· 2026
Fonet HBYS data anonymizer
A desktop application that turns raw emergency-department data from the hospital's HBYS system into de-identified datasets suitable for retrospective research.
The problem
Every retrospective study I run draws on the same raw data: the emergency-department record exports produced by the hospital’s HBYS system (Fonet). These exports can’t be used for research in their raw form — they contain national ID numbers, names, phone numbers, addresses. Research use requires stripping those fields, coarsening dates of birth to the year, and converting doctor names to pseudonyms. Doing this by hand for every study is both tedious and error-prone; forgetting one identifying field once means leaving real identifying information in a dataset everyone believes is de-identified.
On top of that, Fonet’s exports are technically awkward: they arrive in the legacy BIFF .xls format, Turkish character encoding can come through garbled, and when you request more than a single month of data the file exceeds its row limit and splits across multiple sheets — some of which don’t reprint the header row.
What I built — and why the first version failed
I wrote the first version as a Flask web tool. It worked — but my physician colleagues with no software background couldn’t use it, because running it required setting up a Python environment. pip install, virtual environments, the command line — these aren’t an invisible barrier to me, but they are to a specialist physician with no software experience. The tool worked technically and was useless in practice, because “in practice” includes the question of whether the intended user can open it.

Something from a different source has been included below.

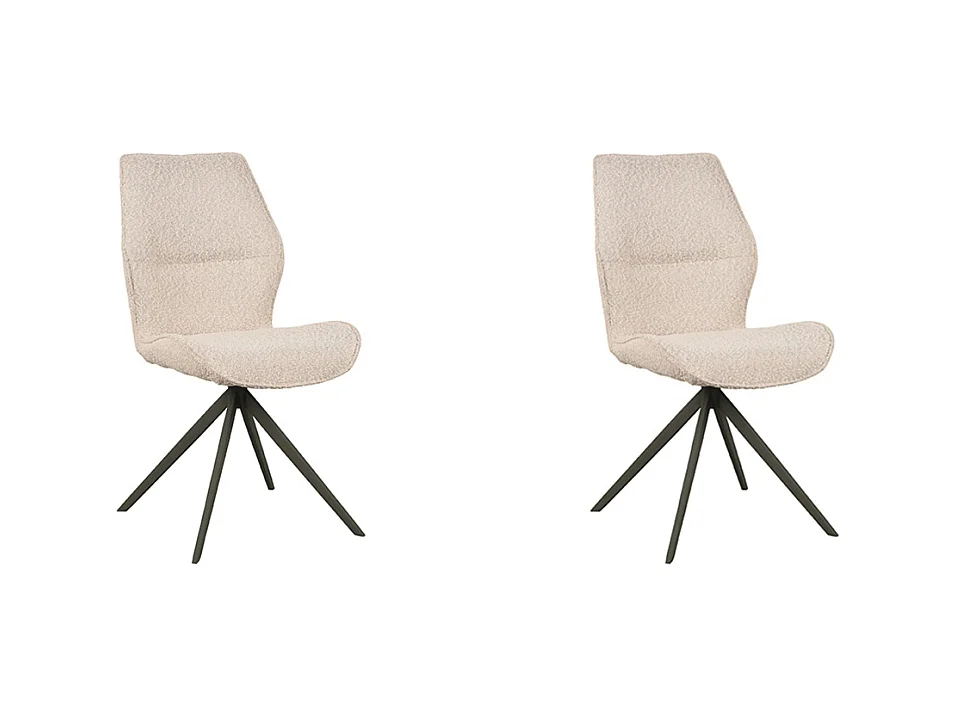 Chaise de salle à manger Comfy - Naturel - Boucle - Base noire - lot de 2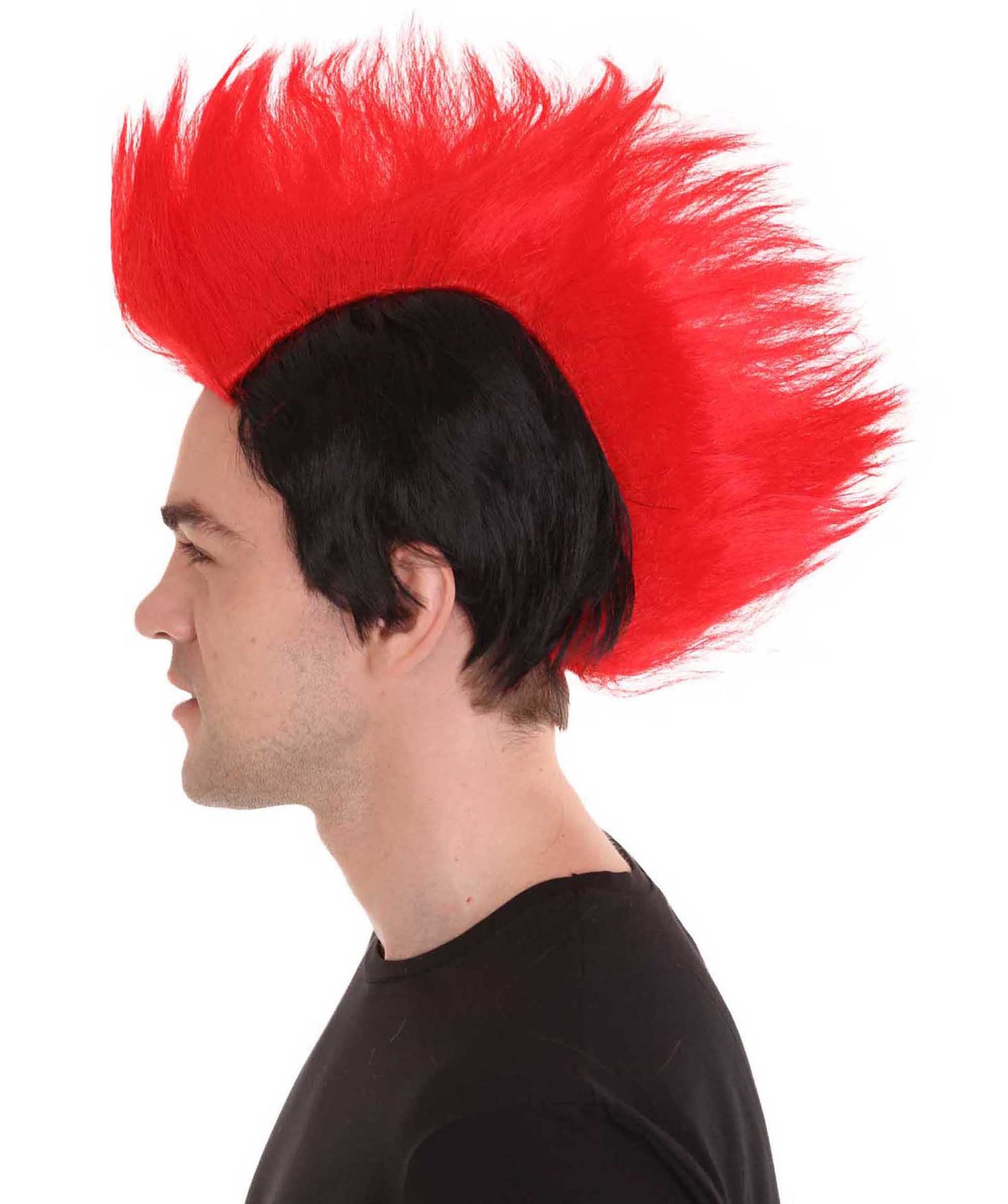 Red and Black Men's Mohawk Wig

So I rewrote the tool from scratch as a Windows desktop application, in C# and WPF. A single packaged executable — double-click, it opens. No Python, no installation, no command line. I didn’t write something easier in a more familiar language; I wrote something more complex in a less familiar one (I learned C# for this project) — but the choice that was easy for me was the impossible choice for them.
The new version ingests the files, strips the identifying fields, coarsens dates of birth to the year, converts doctor names to pseudonyms like Dr_1, Dr_2, and produces a CSV ready for analysis in R or Python. It also has a summary dashboard — diagnosis distribution, age histogram, admission hours, lengths of stay — and clicking any element of those charts cross-navigates to a row view filtered by that element.
What was technically interesting
Two things.
The first is a data-integrity rule: you can’t de-identify before you derive. The dataset the tool produces includes, as one of its columns, how many times a patient was admitted that month. Computing that number requires grouping patients by national ID — but the national ID is the first thing the de-identification step removes. So any per-patient computation has to happen while the identifying information is still in memory; you can no longer group over the de-identified output, because the grouping key has been deleted. It’s a rule that forces an ordering: derive first, de-identify second. It sounds simple, but doing it the other way around is very easy, and when you do, the error is silent — the code runs, the output is wrong.
The second is a silent data corruption in Fonet’s multi-sheet exports. Fonet splits exports that exceed the legacy Excel format’s 65,535-row sheet limit across multiple sheets — but it doesn’t reprint the header row on all of them. Under the Excel reader library’s default setting, rows on the header-less sheets were being read as records with every field null: data loss, but without throwing an error. The fix is to read the header from the first sheet only and apply it to every sheet, while also separately detecting the case where the header is reprinted and skipping that row.
The first version’s code is still public: data_extractor_tool. It stands as a working Flask tool — but it’s no longer used, and why it’s no longer used is this project’s real lesson.
Outcome
The C# version is used as the data pipeline for ongoing retrospective studies. My physician colleagues can now extract their own datasets themselves — without having me set up a Python environment for them, just by double-clicking a file.
This project taught me that “works on my machine” and “works on my colleagues’ machines” are not the same statement. The single-file HTML tools in this portfolio — the consultation generator, the scheduling tools — were designed already knowing this lesson. This project is where I learned it.